• The problem: Take the data below and copy exactly the lines starting at the one with "Η ΝΥΦΗ ΠΟΥ ΔΕΝ ΓΕΛΑΣΕ" and finishing at the one with "浦南小学数学节活动方案", both included.

• Dataset records:
# # # #

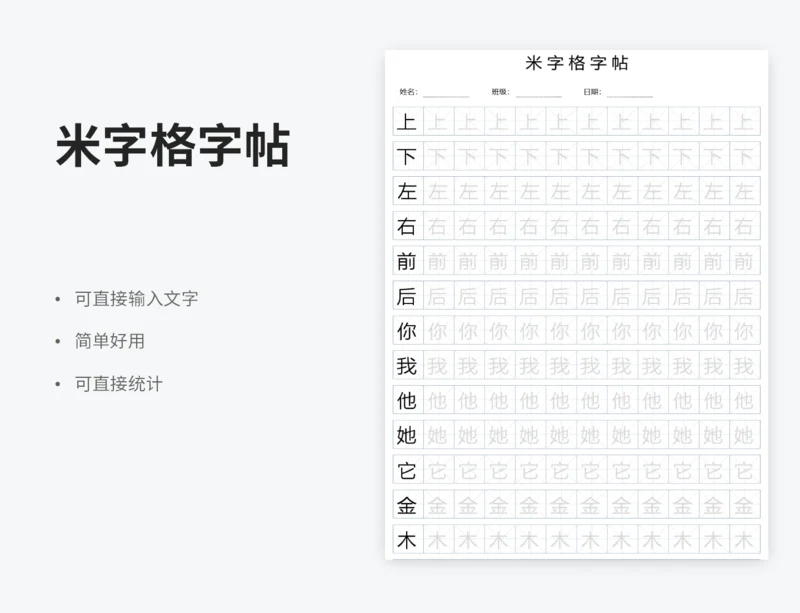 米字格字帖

# # # #

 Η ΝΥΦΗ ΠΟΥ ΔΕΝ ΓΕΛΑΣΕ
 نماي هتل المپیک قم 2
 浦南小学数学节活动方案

# # # #

• Exercise response:
 Η ΝΥΦΗ ΠΟΥ ΔΕΝ ΓΕΛΑΣΕ
 نماي هتل المپیک قم 2
 浦南小学数学节活动方案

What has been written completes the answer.